▶ Task instructions
Return all of the listing word for word; the pictures stay out.

-------------------------

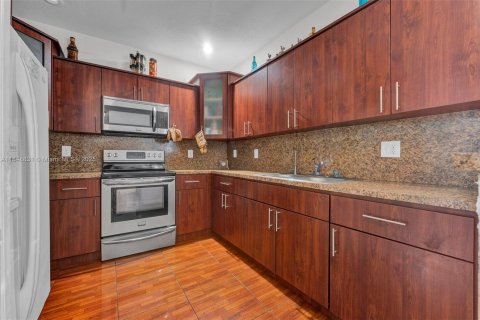 House in Miami, Florida 3 bedrooms, 111.48 sq.m. № 1850473 - photo 6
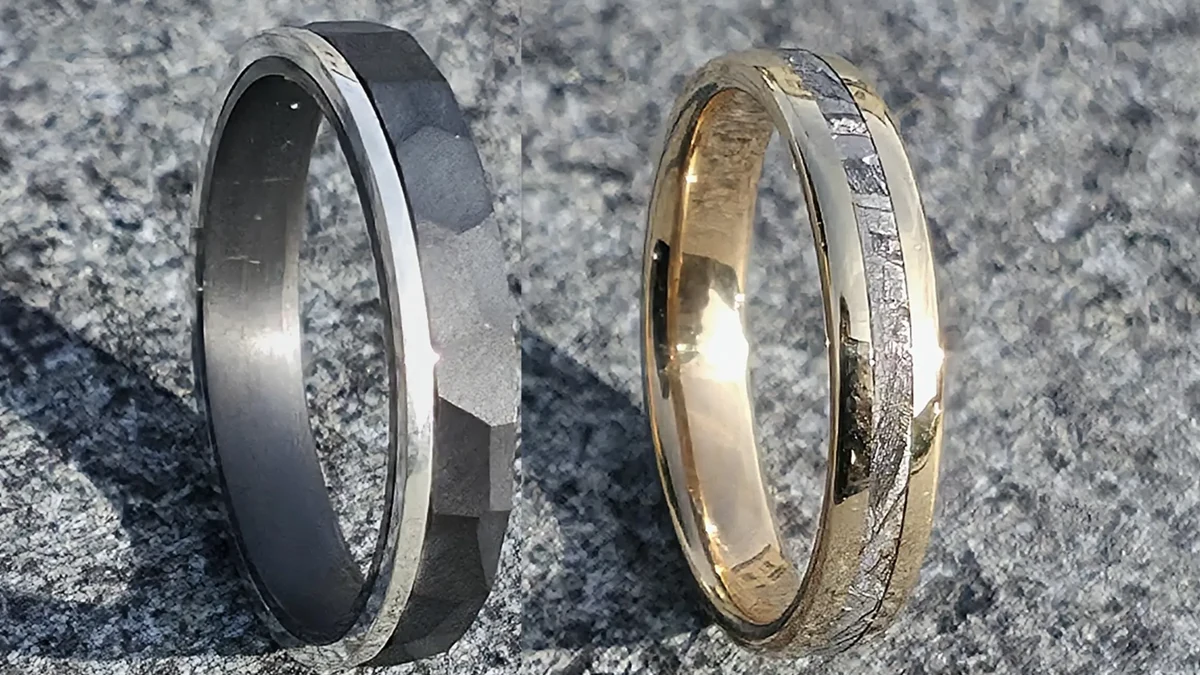 À gauche : bague en tantale à facettes, bord en argent. À droite : alliance en or jaune à centre en météorite. Atelier Landès, Pouillon (Landes)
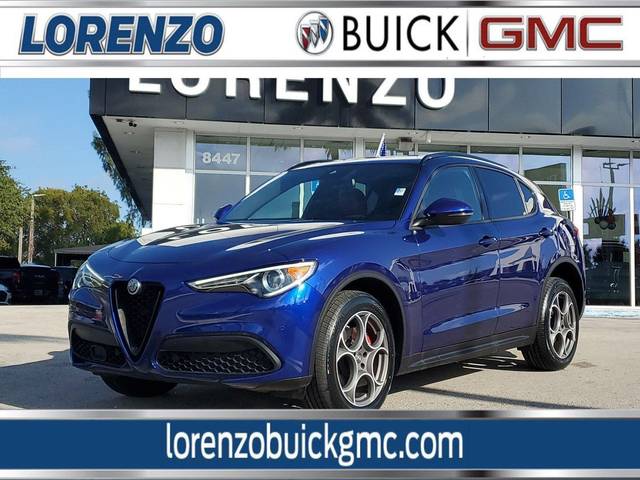 2022 Alfa Romeo Stelvio Sprint AWD photo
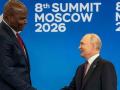 Путіна жорстко висміяли через фото з президентом Мозамбіку: Мережа вибухнула мемами
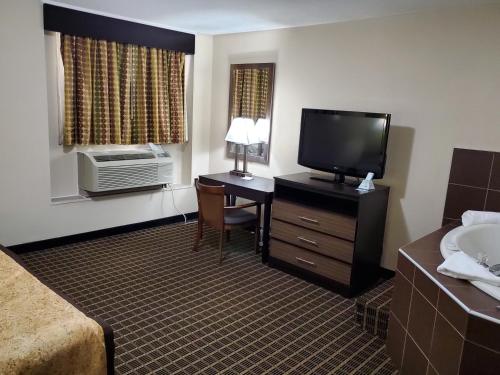 a hotel room with a television and a bed at Best Western Adena Inn in Chillicothe
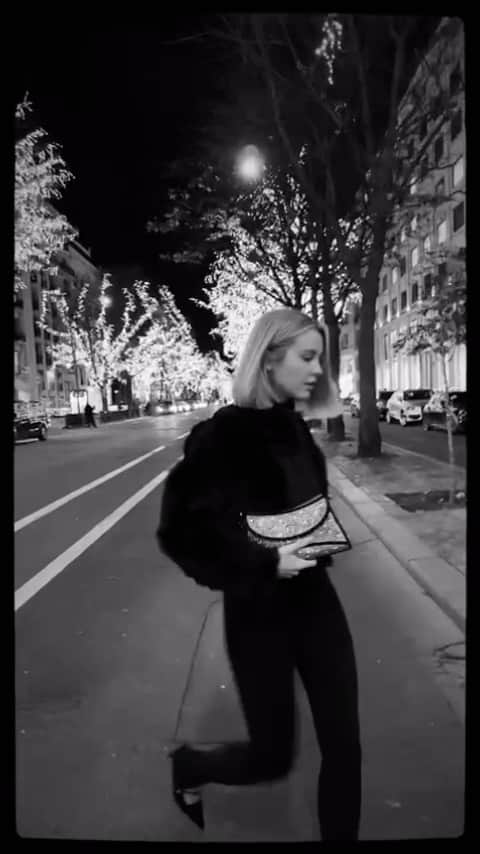 アイグナーのインスタグラム：「Spotted: @isabellehartmann with the sparkliest bag for the sparkliest season!  Get inspired and get gifting at aignermunich.com  #AIGNER #AIGNERSS24」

-------------------------

▶ Response box
 House in Miami, Florida 3 bedrooms, 111.48 sq.m. № 1850473 - photo 6
 À gauche : bague en tantale à facettes, bord en argent. À droite : alliance en or jaune à centre en météorite. Atelier Landès, Pouillon (Landes)
 2022 Alfa Romeo Stelvio Sprint AWD photo
 Путіна жорстко висміяли через фото з президентом Мозамбіку: Мережа вибухнула мемами
 a hotel room with a television and a bed at Best Western Adena Inn in Chillicothe
 アイグナーのインスタグラム：「Spotted: @isabellehartmann with the sparkliest bag for the sparkliest season!  Get inspired and get gifting at aignermunich.com  #AIGNER #AIGNERSS24」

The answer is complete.